*STUDY MATERIAL*.
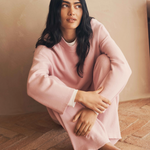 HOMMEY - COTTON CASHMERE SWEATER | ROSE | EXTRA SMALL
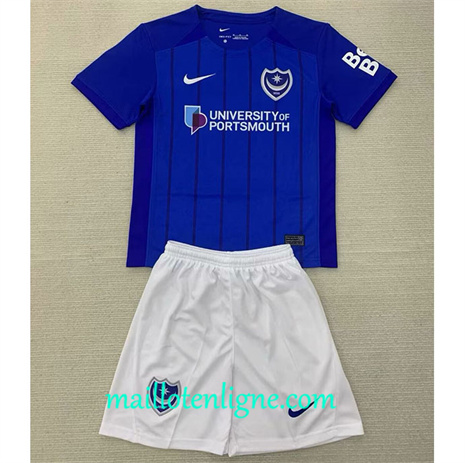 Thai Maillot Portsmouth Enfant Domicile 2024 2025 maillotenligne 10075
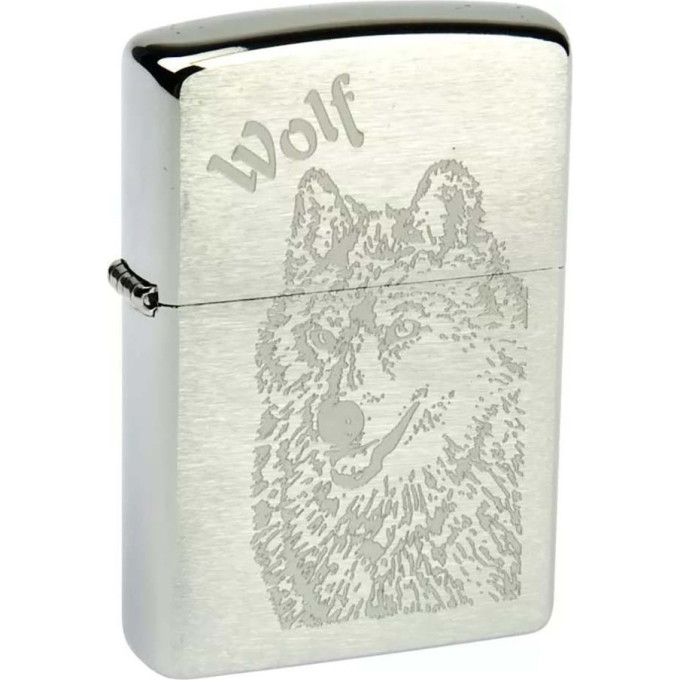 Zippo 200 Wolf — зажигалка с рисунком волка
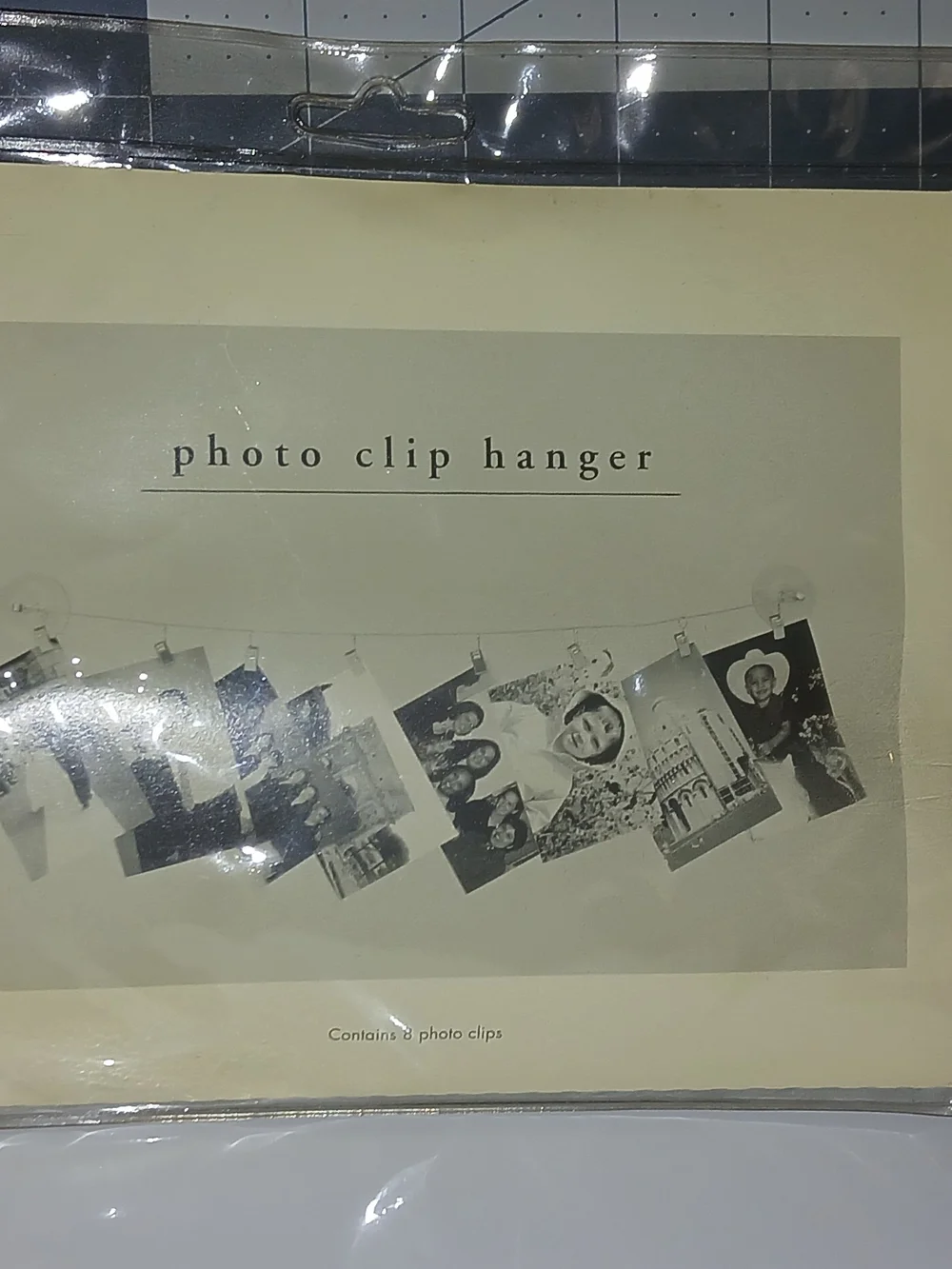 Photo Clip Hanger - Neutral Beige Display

--

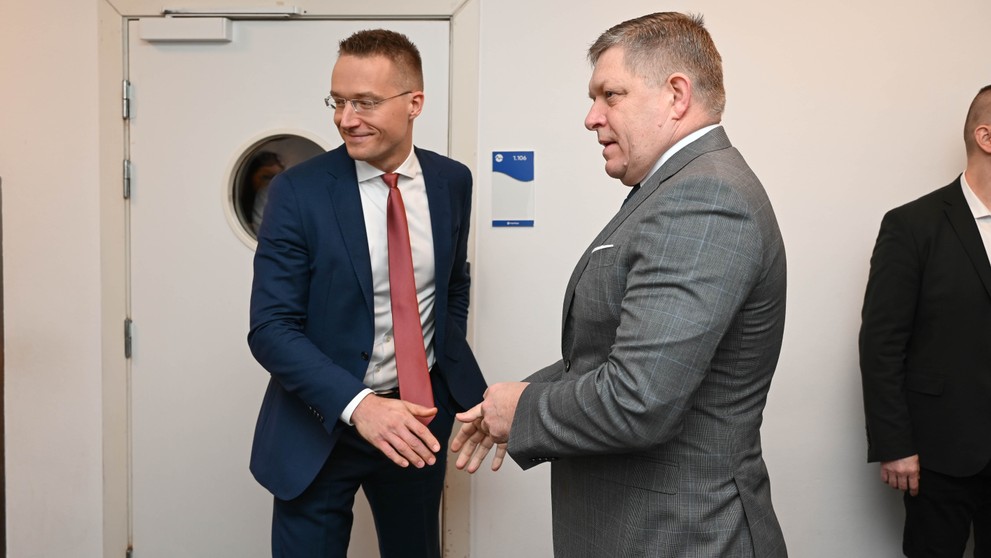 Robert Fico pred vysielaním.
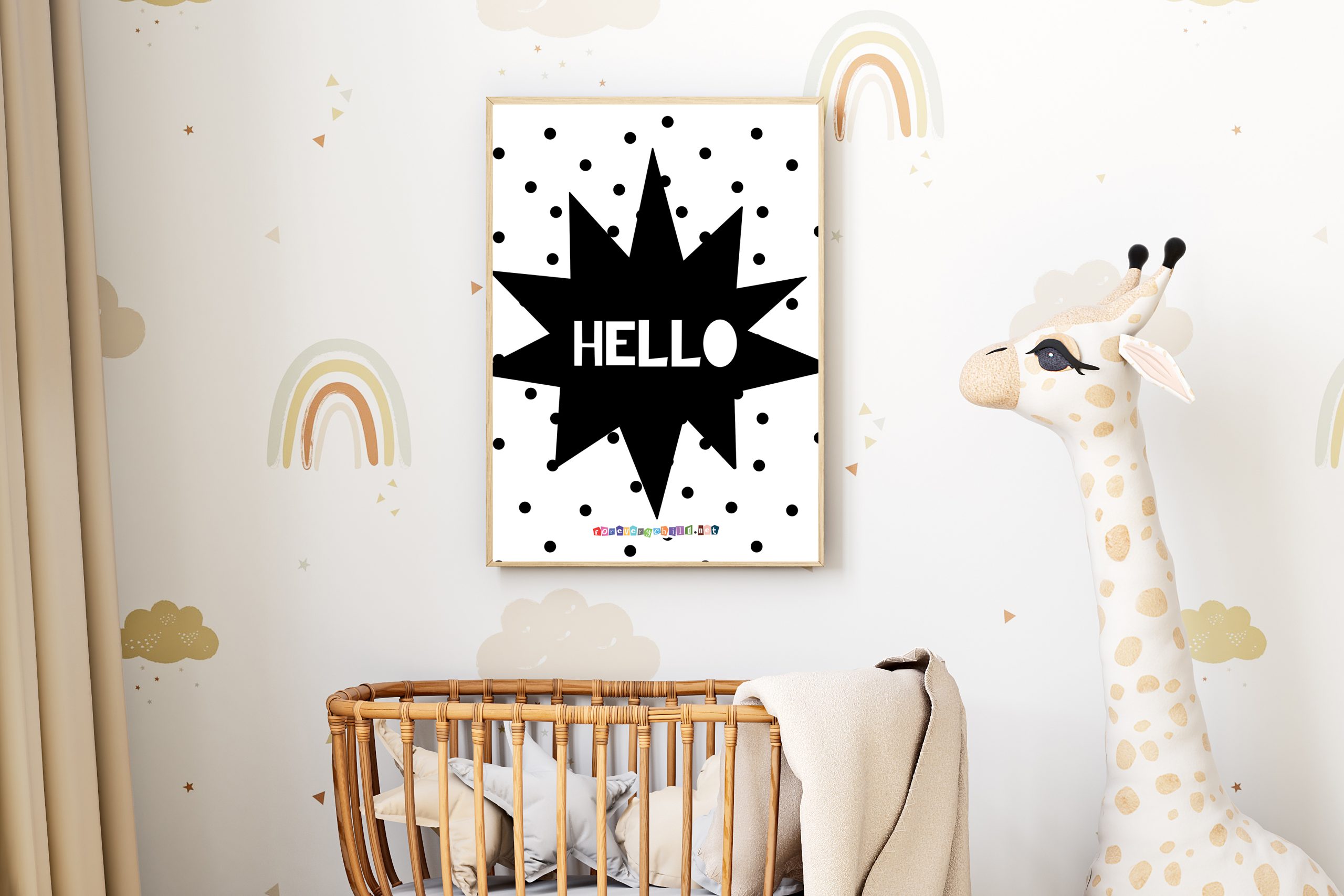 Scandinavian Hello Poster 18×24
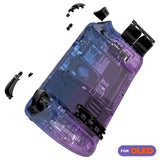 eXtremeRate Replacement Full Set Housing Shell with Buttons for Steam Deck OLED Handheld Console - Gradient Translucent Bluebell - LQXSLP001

--

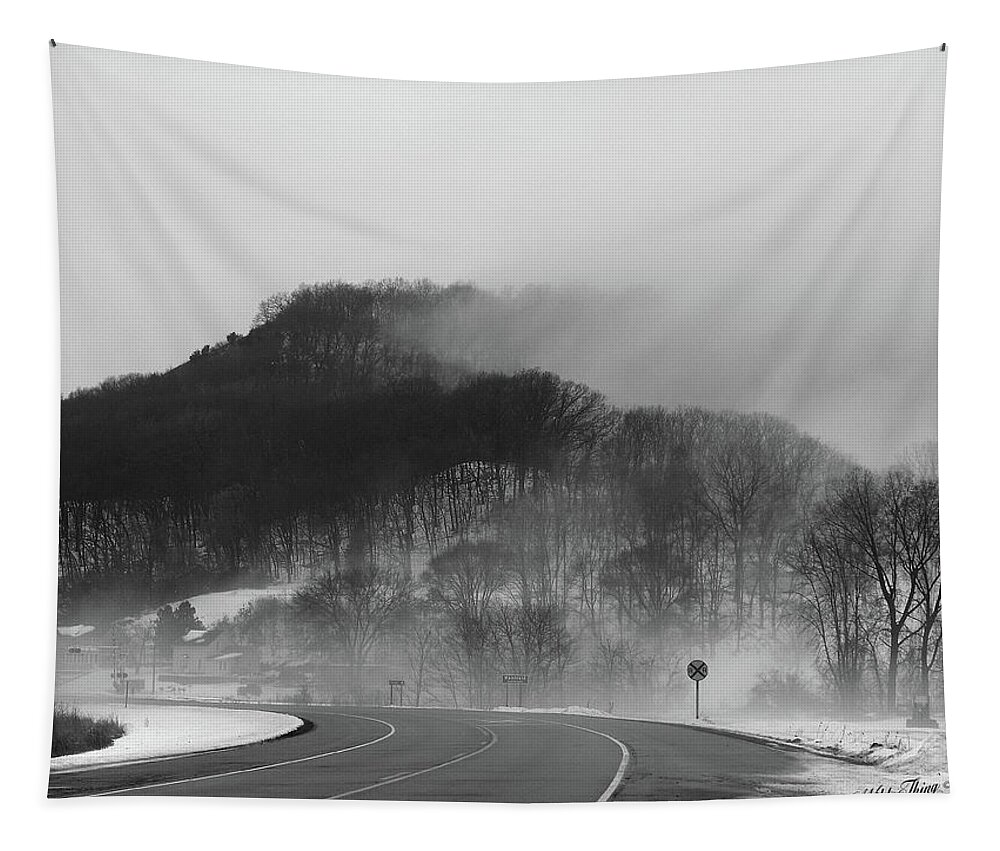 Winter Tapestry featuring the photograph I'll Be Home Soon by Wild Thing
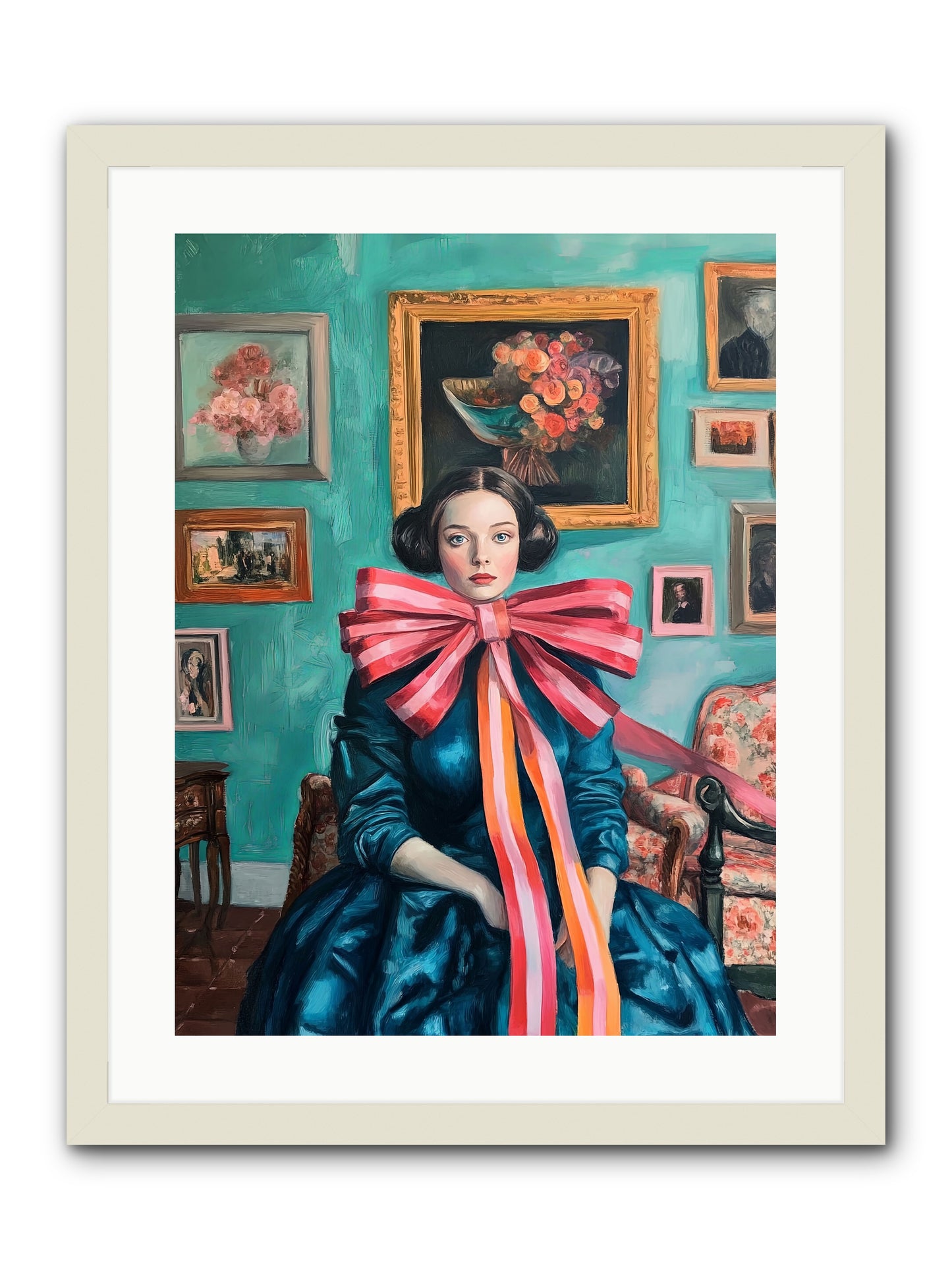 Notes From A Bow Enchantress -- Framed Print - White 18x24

*WHAT YOU NEED TO DO*. In the entries above, find the line with "HOMMEY - COTTON" and the line with "Photo Clip Hanger - Neutral Beige Display". Return exactly those lines and all the ones between them, pictures excluded.

*SOLVED EXERCISE*.
 HOMMEY - COTTON CASHMERE SWEATER | ROSE | EXTRA SMALL
 Thai Maillot Portsmouth Enfant Domicile 2024 2025 maillotenligne 10075
 Zippo 200 Wolf — зажигалка с рисунком волка
 Photo Clip Hanger - Neutral Beige Display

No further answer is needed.